EU countries agree new round of sanctions on Russia
The 27 EU member states have agreed on a strong 18th sanctions package targeting Russia, including a lower oil price cap and bans on refined products, aiming to cut Moscow’s war revenues and block Nord Stream pipeline reactivation. The deal was cleared after Slovakia lifted its veto following economic guarantees.
- European Union
- AFP
- Published Date: 11:48 | 18 July 2025
The 27 EU member states have agreed an 18th sanctions package targeting Russia for invading Ukraine after being blocked for weeks by Slovakia, the EU's top diplomat Kaja Kallas announced on Friday.
The sanctions are intended to further reduce Russian revenues from the export of oil to non-EU countries and impact the Russian financial sector.
"We are standing firm," Kallas posted on X, describing the new sanctions package as one of the strongest so far. "We will keep raising the costs, so stopping the aggression becomes the only path forward for Moscow.
Additionally, it is planned to use sanctions to exclude a possible reactivation of the Nord Stream 1 gas pipeline and the use of the Nord Stream 2 pipeline.

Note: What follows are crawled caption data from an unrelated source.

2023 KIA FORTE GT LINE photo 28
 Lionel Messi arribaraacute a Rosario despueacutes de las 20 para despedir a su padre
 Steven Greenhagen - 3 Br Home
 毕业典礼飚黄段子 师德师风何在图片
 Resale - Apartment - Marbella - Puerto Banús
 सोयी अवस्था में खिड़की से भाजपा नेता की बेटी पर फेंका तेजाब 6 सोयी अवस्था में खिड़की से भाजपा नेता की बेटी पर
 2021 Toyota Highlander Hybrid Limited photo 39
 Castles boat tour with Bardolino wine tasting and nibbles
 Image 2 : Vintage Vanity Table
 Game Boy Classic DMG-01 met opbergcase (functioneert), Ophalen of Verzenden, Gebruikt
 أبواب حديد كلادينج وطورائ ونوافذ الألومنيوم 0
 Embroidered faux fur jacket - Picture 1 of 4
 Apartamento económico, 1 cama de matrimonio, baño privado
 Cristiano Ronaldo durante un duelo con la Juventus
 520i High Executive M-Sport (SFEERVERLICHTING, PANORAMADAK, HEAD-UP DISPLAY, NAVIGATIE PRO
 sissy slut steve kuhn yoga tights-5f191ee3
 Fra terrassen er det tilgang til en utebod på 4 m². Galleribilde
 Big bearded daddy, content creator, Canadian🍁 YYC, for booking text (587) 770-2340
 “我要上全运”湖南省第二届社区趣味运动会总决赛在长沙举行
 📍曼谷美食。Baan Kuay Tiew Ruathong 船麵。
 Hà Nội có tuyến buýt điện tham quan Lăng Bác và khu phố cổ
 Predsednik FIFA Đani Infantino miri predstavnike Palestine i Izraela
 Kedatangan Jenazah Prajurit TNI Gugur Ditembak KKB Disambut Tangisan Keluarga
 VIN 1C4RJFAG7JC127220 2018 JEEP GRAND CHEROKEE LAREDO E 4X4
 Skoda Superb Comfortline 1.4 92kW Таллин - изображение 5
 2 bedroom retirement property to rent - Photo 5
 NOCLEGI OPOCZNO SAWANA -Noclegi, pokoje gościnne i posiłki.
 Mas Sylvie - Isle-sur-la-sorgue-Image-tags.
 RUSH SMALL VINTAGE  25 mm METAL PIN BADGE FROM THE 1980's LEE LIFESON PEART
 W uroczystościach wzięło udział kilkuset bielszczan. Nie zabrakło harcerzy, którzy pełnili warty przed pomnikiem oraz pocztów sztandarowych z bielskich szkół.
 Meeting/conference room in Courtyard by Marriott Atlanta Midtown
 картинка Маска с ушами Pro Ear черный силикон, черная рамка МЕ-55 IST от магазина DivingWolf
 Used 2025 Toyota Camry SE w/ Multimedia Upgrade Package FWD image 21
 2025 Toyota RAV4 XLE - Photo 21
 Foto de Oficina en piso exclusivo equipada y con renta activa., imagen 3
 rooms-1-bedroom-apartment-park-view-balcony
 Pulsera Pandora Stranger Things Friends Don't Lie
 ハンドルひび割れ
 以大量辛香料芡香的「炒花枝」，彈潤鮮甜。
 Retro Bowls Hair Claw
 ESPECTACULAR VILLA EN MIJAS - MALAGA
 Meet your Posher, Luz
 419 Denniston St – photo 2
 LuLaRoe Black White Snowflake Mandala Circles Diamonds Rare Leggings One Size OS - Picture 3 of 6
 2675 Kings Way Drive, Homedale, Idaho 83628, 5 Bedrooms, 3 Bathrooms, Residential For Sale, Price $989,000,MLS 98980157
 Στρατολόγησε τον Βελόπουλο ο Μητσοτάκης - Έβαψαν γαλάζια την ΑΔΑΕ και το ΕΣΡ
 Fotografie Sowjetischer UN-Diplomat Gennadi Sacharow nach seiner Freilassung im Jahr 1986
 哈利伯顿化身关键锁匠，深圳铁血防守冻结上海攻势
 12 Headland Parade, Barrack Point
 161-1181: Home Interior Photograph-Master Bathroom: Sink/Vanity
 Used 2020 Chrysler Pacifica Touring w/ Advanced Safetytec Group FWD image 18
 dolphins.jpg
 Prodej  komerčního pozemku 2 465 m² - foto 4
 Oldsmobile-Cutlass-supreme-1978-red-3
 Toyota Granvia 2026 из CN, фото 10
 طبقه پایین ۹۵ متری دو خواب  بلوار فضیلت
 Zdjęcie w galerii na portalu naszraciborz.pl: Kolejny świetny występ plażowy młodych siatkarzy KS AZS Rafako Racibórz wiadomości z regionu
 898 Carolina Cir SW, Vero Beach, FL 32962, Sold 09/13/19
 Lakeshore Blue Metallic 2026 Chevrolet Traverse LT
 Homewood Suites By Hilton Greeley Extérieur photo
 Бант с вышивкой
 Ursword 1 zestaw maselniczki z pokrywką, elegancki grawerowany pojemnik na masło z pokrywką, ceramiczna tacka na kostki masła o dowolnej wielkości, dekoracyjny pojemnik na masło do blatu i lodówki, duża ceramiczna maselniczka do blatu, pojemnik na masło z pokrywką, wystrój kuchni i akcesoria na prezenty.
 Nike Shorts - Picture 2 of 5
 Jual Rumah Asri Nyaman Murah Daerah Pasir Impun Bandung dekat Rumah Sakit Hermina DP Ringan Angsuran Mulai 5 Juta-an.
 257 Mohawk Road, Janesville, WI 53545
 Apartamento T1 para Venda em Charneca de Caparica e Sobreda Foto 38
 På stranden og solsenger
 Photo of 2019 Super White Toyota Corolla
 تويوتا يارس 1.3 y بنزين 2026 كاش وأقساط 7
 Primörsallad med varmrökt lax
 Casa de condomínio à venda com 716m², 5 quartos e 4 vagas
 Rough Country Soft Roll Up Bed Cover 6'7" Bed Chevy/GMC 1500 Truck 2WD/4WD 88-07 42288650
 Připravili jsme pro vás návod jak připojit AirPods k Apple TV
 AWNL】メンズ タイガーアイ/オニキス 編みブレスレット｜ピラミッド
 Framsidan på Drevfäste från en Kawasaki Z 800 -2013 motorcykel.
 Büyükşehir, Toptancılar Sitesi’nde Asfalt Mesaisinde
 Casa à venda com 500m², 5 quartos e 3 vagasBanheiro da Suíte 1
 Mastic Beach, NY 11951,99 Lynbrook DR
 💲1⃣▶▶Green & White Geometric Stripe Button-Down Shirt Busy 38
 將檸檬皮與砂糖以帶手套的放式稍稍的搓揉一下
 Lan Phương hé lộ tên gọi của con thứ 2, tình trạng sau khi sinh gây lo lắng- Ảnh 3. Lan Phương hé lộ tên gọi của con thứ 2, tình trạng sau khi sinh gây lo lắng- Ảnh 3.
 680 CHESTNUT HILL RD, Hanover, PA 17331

Three of the total four pipelines linking Russia to Germany were destroyed in an attack in September 2022. If they were to be repaired, the pipelines running through the Baltic Sea could enable Russia to earn billions from the sale of gas.
The agreement on the sanctions package was actually supposed to take place directly after the June summit of EU leaders. However, Slovakian Prime Minister Robert Fico prevented this with the threat of a veto.
The agreement has now been made possible through concessions to Slovakia. Bratislava was assured that it does not have to fear serious economic and financial consequences if, after the new sanctions package, a plan for a complete import stop of Russian gas is also implemented.
Fico cannot block this plan because, unlike the sanctions package, it can also be decided by majority vote.
Fico said that continuing to block the move would be "counterproductive" for Slovakia's interests as an EU member.
All of the EU's 27 members have to back new sanctions before they can be implemented.
Recently, Malta, Greece and Cyprus also had concerns about measures intended to reduce Russian revenues from the export of crude oil to countries outside the EU.
The countries feared unfairly large disadvantages for domestic shipping companies if the so-called oil price cap is lowered too much. As a compromise, it was agreed to regularly adjust the price cap so that it does not fall more than 15% below the average market price in the long term. In a first step, it is to be reduced from the current $60 to $47.60 per industry-standard barrel.
The original plan was for the price cap for Russian oil to be lowered $45 per barrel.
It applies to the sale of Russian oil to countries such as India, China or Turkey and was introduced in 2022 together with the United States, Japan, Canada and the United Kingdom.
To enforce it, companies involved in transporting Russian oil at a price below the cap are threatened with sanctions. This regulation targets shipping companies, but also companies that offer insurance, technical assistance, as well as financing and brokerage services.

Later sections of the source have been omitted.